Specifically, we denote the input image sequence as  $X = (x_1, x_2, \dots, x_T)$ , where  $T$  is the number of frames in the sequence. We use  $H$  and  $W$  to denote the height and width of the frames respectively. The image sequence is input to a 3D-convolutional layer firstly, followed by a max-pooling layer. The spatial dimension is reduced to a quarter of the input size, while the temporal dimension is kept the same as the input. That is, the dimension of the output would be  $T \times H/4 \times W/4$ . Then a ResNet-18 [7] module is introduced to output a 512- $d$  vector at each time step, which would be added with their corresponding positional encodings and then used as the input of the subsequent self-attention blocks. The final output of the last self-attention block is taken as the final representation of the input sequence. We denote the output as  $E_\theta(X)$ , where  $\theta$  represents the parameter of the encoder, and  $E_\theta(X)$  is composed by  $T$  512- $d$  vectors.

The structure of each self-attention block is the same as [16]. As shown in Figure 2.(b),the output of each self-attention block can be obtained as:

$$\begin{aligned} Q' &= QW_Q, K' = KW_K, V' = VW_V, \\ H(Q, K, V) &= \text{softmax}\left(\frac{Q'K'^T}{\sqrt{d_k}}\right) V', \\ MH(Q, K, V) &= \text{Concat}(H_1, \dots, H_h) W_H. \end{aligned} \quad (1)$$

Where  $H$  and  $MH$  means the output of a single head attention block and a multi-head attention block respectively,  $Q, K$  and  $V$  equal to each other corresponding to the input of the block. Each head  $H_j(j = 1, \dots, h)$  would have its own learnable parameters  $W_Q, W_K$  and  $W_V$ .  $W_H$  is another learnable parameter to combine all the outputs from all the heads. In this paper, we employ  $h = 8$  and  $N = 6$  in the encoder. The dimension  $d_k$  of both the query matrix  $Q$  and key matrix  $K$ , and the dimension  $d_v$  of the value matrix  $V$ , are all set to 64.

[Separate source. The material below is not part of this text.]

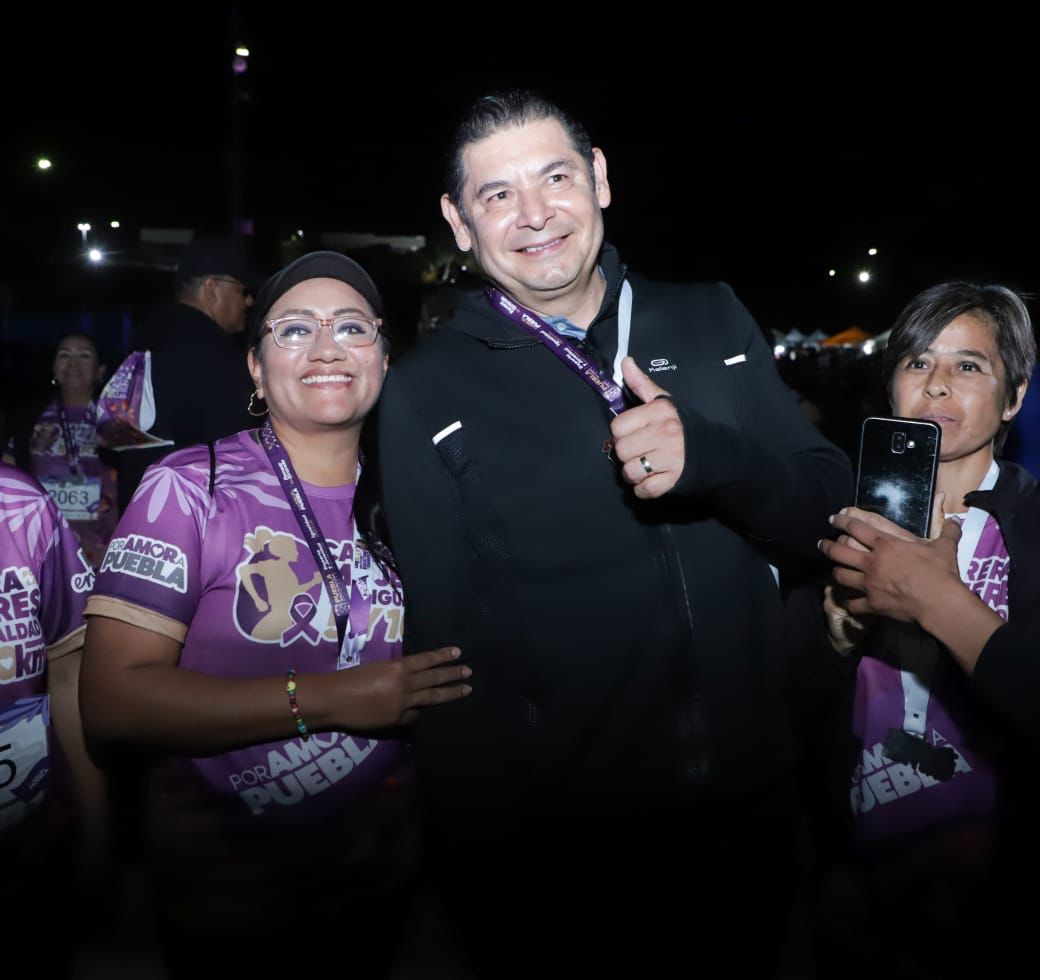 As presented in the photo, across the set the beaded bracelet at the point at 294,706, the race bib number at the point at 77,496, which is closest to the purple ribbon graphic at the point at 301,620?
the beaded bracelet at the point at 294,706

### 3.2 The Synchronous Bidirectional Decoder

Given the representation  $E_\theta(X)$  of each input sequence  $X$ , the synchronous bidirectional (SB) decoder is introduced to predict each phoneme  $c_i$  at each output's time step  $i$  ( $i = 1, 2, \dots, L$ ). As shown in Figure 2.(a), the decoder part is composed of several stacked synchronous bidirectional learning (SBL) blocks. Each block would combine the context from both the previous and future time steps to generate its output to the next SBL block. We use the context of the left-to-right (L2R) and the right-to-left (R2L) directions in the label sequence to express the previous and future context.

As shown in Figure 2.(a), each SBL block contains two branches: the L2R branch and the R2L branch. Each branch consists of a self-attention block and a vanilla-attention block. The self-attention block would perform a weighted sum of its input at different time steps, where the weights are obtained from the input by itself, as shown in Eq.(1) where  $Q, K, V$  are all equal to the input. The vanilla attention block is similar to the self-attention block, and also output a weighted sum of its input (which is corresponding to the output of the previous self-attention block) at different time steps. But the weights are generated according to the output of the encoder, as shown in Figure 2 where  $K$  and  $V$  are equal to the output of the encoder and  $Q$  is the output of the previous self-attention block.

To effectively unify the L2R and the R2L branches, some differences exist between the first SBL block and the subsequent SBL blocks. Specifically, we assume the ground truth labels of each sequence as  $\mathbf{y} = (y_1, y_2, \dots, y_L)$ , where each sequence is padded to the same length  $L$ . The architecture can be described as follows.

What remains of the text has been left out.